Exercise: For this exercise, copy all the data exactly and include none of the pictures.

Provided data:
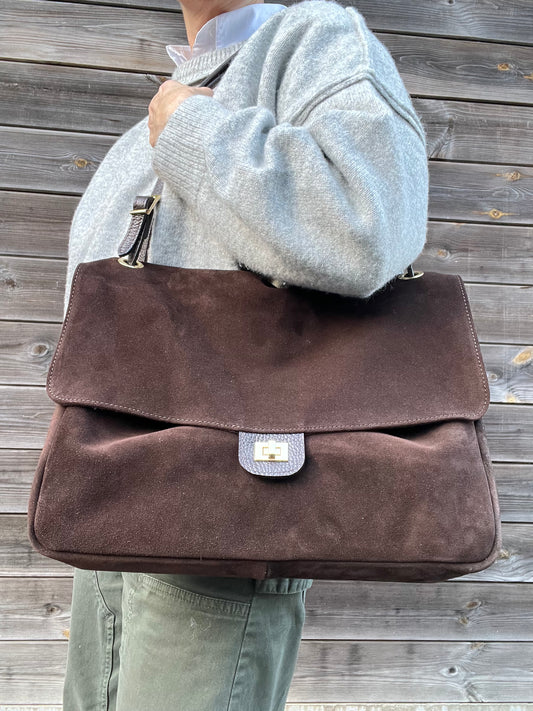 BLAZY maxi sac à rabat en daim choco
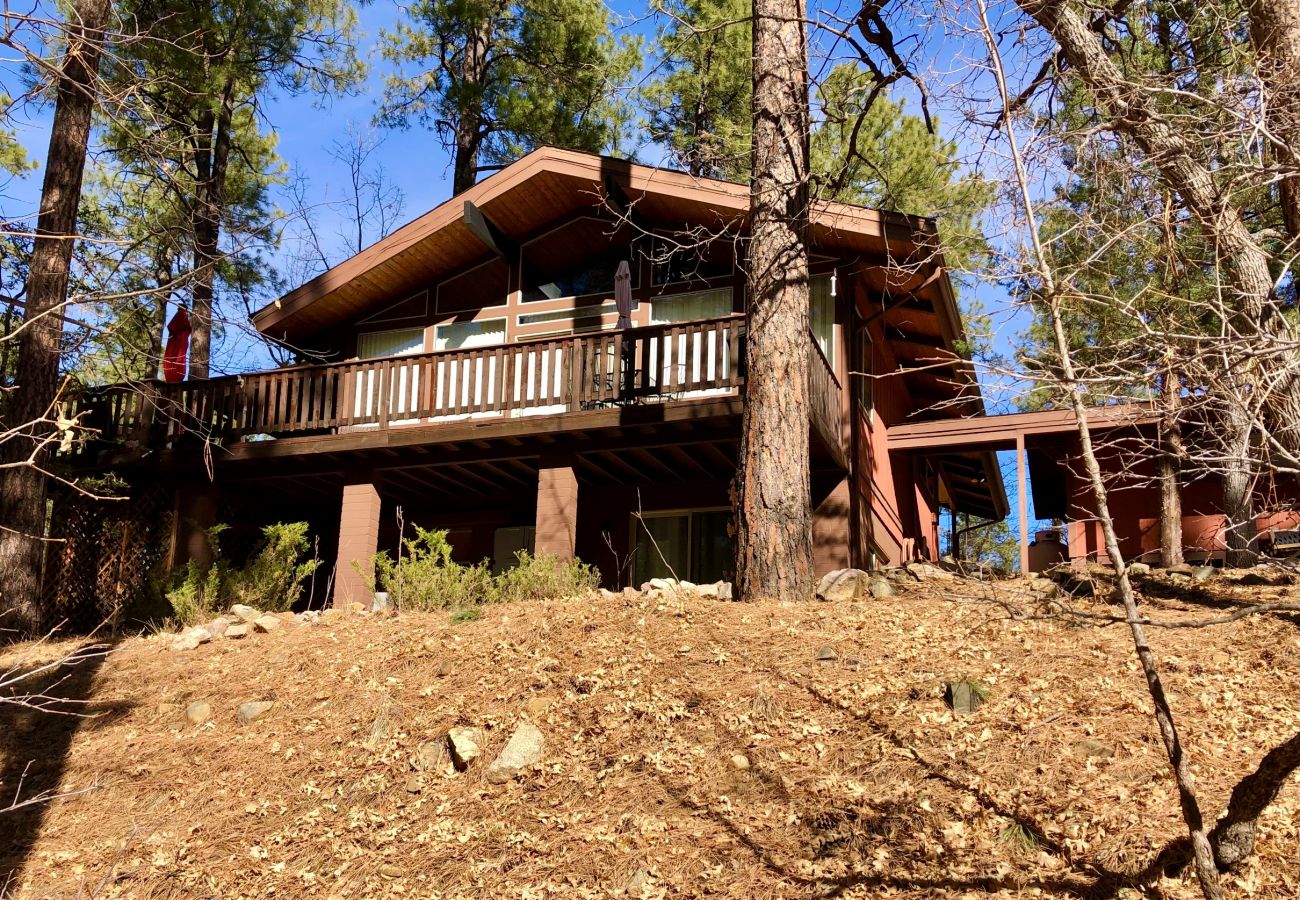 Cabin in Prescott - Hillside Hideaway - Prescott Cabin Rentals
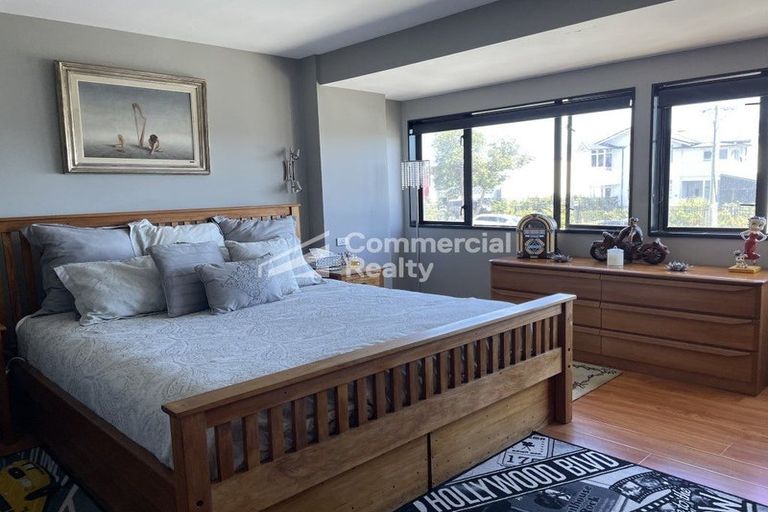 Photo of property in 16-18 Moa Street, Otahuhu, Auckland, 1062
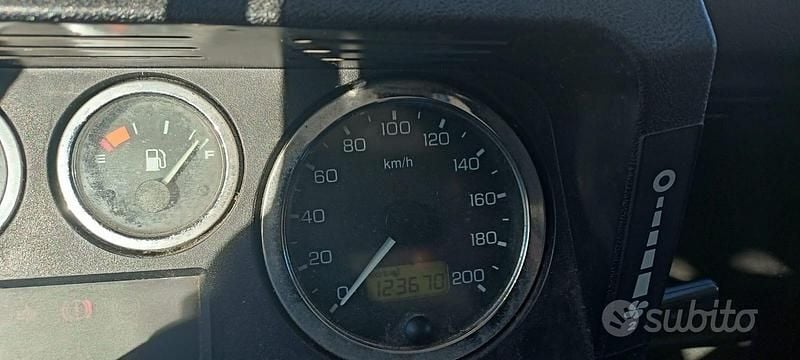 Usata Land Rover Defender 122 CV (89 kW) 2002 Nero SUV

Exercise answer:
 BLAZY maxi sac à rabat en daim choco
 Cabin in Prescott - Hillside Hideaway - Prescott Cabin Rentals
 Photo of property in 16-18 Moa Street, Otahuhu, Auckland, 1062
 Usata Land Rover Defender 122 CV (89 kW) 2002 Nero SUV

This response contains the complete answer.